What is Turbidity?
Turbidity, or cloudiness, in water is caused by a variety of suspended materials. The material can be both organic (plankton, sewage) and inorganic (silt, clay). The suspended material will scatter and absorb light passing through the water. The light scattered back to the observer can be affected so that the water will have a color dependent upon the type and amount of suspended matter. The cloudiness and color can be observed also if a sample of water in a transparent container is held between the observer's eye and a light source. It is this fact that is used in the turbidity meter.

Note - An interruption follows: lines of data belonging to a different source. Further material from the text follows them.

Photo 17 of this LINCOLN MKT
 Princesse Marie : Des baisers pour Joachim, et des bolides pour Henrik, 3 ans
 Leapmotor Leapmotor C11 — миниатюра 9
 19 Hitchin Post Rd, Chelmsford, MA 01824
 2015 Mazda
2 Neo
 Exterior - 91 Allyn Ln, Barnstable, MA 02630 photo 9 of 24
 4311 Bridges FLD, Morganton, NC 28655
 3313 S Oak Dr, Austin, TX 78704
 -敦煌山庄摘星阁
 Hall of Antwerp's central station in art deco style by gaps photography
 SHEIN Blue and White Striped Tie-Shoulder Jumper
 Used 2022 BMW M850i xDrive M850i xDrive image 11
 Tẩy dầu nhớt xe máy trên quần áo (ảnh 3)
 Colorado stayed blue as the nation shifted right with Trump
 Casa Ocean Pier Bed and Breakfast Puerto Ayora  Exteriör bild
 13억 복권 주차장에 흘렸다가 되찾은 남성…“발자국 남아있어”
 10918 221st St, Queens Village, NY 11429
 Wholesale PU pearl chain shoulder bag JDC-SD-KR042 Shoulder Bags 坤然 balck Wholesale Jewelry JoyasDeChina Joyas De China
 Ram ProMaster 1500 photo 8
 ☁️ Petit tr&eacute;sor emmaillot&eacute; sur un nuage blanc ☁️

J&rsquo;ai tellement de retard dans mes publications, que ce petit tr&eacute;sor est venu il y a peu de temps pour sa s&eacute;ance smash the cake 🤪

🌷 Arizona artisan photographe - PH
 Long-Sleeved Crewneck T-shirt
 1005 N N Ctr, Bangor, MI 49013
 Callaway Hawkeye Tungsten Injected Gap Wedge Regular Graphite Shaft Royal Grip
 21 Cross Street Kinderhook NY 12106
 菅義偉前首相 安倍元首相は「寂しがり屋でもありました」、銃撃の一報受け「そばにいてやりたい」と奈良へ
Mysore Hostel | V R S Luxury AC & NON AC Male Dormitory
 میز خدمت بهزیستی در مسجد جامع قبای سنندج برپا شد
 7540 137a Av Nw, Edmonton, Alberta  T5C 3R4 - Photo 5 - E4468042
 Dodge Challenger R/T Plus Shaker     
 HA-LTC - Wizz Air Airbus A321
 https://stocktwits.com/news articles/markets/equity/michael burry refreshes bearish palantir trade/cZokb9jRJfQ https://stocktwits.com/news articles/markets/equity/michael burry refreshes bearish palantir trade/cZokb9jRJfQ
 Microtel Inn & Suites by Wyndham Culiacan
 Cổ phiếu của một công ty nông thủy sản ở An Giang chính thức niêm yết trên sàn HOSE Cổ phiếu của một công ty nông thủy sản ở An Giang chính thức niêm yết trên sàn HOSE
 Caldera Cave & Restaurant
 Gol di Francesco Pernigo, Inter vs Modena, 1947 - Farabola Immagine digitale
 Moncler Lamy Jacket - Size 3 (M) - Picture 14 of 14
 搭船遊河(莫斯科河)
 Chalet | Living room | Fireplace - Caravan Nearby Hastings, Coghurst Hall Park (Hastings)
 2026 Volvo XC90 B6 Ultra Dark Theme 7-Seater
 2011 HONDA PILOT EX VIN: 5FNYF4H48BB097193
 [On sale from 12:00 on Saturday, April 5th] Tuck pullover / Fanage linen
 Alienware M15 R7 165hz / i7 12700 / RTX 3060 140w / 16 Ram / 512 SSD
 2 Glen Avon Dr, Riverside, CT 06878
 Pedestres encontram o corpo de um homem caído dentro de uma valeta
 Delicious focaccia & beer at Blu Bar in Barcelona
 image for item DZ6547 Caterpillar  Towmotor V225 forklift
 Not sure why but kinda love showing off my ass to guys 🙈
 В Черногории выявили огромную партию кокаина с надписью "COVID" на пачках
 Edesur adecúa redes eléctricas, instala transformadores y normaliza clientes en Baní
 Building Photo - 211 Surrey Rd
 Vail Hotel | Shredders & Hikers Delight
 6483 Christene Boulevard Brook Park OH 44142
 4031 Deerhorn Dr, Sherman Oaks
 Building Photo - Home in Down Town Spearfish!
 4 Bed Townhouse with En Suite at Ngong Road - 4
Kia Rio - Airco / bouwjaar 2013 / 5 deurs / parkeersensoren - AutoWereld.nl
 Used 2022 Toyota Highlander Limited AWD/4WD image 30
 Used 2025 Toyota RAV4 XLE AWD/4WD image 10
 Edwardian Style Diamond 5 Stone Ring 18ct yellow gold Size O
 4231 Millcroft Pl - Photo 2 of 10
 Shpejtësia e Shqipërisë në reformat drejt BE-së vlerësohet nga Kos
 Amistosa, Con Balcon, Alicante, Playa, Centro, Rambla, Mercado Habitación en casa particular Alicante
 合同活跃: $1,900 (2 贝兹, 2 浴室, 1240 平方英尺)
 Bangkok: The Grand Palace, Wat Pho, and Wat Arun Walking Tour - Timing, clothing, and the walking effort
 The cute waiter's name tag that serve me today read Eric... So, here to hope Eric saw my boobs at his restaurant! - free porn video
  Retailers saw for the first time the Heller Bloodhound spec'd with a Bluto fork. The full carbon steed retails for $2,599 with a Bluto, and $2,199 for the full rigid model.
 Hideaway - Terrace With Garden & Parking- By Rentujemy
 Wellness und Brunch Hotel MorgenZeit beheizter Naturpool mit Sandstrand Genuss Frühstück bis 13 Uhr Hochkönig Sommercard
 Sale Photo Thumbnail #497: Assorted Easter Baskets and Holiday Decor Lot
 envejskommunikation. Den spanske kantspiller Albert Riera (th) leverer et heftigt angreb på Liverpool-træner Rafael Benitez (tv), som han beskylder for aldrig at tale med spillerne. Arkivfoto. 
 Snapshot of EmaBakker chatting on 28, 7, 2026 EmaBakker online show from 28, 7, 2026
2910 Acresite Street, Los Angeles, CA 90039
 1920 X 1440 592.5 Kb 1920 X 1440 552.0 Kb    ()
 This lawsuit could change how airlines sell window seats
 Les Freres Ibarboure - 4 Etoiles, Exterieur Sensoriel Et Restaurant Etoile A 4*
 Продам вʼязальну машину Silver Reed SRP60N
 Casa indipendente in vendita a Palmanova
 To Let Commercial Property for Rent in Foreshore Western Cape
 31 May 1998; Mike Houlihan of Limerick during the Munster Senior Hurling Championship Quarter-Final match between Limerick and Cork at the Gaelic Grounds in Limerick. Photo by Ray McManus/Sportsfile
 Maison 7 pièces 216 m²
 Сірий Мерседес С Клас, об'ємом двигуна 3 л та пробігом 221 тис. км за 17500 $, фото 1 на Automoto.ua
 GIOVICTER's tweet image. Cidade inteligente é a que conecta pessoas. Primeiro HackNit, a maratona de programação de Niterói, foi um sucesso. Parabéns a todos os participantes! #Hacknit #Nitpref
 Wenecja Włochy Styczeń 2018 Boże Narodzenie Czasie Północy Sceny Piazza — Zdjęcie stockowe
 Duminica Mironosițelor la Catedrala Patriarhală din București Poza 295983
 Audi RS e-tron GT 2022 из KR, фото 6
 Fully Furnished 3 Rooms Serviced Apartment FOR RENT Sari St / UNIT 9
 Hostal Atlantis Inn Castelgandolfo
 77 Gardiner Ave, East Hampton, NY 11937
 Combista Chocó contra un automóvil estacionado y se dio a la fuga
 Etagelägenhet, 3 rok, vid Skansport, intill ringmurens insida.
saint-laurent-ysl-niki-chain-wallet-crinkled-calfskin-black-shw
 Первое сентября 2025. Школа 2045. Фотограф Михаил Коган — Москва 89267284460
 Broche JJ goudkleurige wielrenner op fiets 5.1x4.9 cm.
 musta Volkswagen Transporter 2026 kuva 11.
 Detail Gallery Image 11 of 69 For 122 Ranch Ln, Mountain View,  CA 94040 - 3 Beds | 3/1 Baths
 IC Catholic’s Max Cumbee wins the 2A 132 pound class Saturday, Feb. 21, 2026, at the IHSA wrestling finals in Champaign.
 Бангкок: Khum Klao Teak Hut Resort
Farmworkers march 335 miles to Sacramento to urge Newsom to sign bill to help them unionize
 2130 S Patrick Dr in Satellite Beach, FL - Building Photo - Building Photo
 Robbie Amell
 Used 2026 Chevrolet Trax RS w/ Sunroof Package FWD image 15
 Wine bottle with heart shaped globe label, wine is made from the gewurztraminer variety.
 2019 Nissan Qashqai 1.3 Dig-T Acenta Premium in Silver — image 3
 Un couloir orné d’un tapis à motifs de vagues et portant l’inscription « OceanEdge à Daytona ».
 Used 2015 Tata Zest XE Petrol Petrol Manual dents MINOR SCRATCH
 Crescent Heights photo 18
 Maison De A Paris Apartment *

What is a Turbidity Meter?
The turbidity meter measures the clarity of a water sample. A beam of light is shown through the water sample. The turbidity, or its converse clarity, is read on a numerical scale.
The turbidity meter contains a source of light, a photocell, and a meter. The path of the light is 90 degrees to the direction in which the photocell points. When a sample is placed in the light beam, light scattered by the suspended material in the sample is detected by the photocell. The photocell converts the scattered light into an electrical current that is sent through the meter. The position of the needle on the meter or a digital read-out gives an indication of the turbidity of the water sample.
Turbidity determined by the technique described above is referred to as the nephelometric method from the root meaning "cloudiness". This word is used to form the name of the unit of turbidity, the NTU. This acronym stands for Nephelometric Turbidity Unit.
The meter reading cannot be used to compare the turbidity of different water samples unless the instrument is calibrated. The aquatic science instructors calibrate the meter regularly. Calibration consists of adjusting the meter reading to a known value when a standard sample is placed in the light beam. A standard suspension is often made from a polymer called Formazin which has greater reproducibility.
What is the significance of turbidity?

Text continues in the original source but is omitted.